== Task to complete ==
Whenever the word "from" appears on a line of the material below, that line is counted; state the total alone.

== Source material ==

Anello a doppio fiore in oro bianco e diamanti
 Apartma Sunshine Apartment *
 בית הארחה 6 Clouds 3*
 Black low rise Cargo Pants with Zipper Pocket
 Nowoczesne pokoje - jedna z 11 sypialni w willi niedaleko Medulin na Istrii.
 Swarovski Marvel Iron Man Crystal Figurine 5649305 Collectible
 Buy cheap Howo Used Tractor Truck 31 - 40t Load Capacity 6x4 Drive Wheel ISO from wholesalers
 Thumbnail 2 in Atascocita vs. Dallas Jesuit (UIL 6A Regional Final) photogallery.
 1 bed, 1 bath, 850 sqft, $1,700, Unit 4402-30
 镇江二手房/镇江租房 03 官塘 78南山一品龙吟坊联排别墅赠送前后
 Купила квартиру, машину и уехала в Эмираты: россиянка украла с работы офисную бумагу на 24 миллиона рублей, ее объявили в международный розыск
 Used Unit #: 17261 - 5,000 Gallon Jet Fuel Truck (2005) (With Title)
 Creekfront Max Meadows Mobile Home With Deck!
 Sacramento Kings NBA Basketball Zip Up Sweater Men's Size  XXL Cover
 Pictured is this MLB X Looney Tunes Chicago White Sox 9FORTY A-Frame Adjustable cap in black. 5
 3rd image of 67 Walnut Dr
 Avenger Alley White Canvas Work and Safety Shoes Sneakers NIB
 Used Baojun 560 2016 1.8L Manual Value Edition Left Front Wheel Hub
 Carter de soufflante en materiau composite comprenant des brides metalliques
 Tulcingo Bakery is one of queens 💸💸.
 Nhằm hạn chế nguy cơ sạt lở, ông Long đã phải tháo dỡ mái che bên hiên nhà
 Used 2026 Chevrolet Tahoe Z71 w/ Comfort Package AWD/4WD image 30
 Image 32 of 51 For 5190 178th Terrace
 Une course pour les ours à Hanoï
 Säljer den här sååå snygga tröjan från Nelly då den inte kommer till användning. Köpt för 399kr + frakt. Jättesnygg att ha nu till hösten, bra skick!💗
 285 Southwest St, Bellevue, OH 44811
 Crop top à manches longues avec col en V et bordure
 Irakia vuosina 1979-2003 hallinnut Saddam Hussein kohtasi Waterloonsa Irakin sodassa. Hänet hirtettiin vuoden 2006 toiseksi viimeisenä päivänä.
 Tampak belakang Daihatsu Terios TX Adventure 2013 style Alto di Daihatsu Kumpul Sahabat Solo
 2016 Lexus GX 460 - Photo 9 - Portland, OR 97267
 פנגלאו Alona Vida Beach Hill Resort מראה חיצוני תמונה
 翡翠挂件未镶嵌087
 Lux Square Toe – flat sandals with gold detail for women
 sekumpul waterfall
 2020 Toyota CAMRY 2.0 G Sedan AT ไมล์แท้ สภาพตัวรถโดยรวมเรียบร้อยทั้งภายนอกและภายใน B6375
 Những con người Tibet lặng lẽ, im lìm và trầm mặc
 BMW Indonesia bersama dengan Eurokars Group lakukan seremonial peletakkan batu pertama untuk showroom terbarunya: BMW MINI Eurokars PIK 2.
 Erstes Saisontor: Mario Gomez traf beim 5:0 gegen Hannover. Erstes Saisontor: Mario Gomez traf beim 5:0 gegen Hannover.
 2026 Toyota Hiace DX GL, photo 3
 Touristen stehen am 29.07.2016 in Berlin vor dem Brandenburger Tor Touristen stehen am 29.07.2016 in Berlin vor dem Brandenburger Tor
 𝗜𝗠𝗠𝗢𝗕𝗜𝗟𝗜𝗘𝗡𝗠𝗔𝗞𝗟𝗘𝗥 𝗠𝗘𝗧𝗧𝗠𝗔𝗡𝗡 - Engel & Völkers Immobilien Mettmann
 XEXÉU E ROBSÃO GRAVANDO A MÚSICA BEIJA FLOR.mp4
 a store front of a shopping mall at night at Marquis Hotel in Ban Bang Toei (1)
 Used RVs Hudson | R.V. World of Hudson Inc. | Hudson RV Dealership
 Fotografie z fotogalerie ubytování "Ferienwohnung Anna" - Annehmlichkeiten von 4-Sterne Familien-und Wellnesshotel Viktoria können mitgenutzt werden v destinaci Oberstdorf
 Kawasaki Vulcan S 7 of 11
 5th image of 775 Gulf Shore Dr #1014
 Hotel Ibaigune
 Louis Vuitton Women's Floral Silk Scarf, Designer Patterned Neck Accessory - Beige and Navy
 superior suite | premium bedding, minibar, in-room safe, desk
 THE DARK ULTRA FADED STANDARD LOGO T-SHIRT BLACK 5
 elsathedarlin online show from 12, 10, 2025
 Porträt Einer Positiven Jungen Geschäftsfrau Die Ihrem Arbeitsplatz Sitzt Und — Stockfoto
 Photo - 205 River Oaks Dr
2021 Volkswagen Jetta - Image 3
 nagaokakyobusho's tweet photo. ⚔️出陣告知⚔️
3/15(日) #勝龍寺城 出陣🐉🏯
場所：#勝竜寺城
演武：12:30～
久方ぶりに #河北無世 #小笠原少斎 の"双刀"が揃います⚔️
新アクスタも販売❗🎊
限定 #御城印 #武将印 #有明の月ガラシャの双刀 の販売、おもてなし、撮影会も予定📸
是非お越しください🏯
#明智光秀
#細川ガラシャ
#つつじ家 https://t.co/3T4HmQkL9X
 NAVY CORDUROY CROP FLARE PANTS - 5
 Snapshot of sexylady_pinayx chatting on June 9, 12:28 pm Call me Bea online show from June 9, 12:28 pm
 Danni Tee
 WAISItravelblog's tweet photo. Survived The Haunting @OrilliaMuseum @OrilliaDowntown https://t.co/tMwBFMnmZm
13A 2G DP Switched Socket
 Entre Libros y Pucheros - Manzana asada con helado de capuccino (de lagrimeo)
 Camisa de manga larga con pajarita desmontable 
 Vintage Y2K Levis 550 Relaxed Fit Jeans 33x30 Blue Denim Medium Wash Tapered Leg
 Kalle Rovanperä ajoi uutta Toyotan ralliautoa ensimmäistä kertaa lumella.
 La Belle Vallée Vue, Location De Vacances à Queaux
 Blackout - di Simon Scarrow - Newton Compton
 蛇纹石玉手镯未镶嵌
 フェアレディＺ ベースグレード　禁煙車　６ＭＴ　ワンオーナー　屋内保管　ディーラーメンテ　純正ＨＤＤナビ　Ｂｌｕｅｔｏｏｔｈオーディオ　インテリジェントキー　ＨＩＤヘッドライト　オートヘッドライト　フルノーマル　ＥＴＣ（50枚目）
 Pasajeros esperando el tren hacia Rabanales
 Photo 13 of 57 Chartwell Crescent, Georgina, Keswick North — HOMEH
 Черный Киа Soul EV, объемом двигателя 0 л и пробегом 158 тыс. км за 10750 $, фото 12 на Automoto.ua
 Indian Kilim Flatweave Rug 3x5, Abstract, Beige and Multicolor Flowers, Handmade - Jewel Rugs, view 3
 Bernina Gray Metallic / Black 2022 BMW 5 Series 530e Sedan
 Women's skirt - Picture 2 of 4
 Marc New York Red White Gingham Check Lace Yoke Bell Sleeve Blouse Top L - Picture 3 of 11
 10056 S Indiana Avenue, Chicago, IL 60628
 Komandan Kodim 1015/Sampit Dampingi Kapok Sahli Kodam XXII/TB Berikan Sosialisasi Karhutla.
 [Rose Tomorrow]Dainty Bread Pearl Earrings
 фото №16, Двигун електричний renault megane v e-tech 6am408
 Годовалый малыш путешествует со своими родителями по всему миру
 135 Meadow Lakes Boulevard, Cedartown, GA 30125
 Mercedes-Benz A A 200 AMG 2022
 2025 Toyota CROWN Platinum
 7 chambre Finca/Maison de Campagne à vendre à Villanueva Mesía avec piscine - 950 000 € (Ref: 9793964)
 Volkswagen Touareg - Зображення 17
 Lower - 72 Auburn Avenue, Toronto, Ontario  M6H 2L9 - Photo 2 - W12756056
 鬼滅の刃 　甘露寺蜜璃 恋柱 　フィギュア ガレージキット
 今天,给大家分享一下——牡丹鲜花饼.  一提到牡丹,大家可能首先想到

== Solution to the exercise ==
3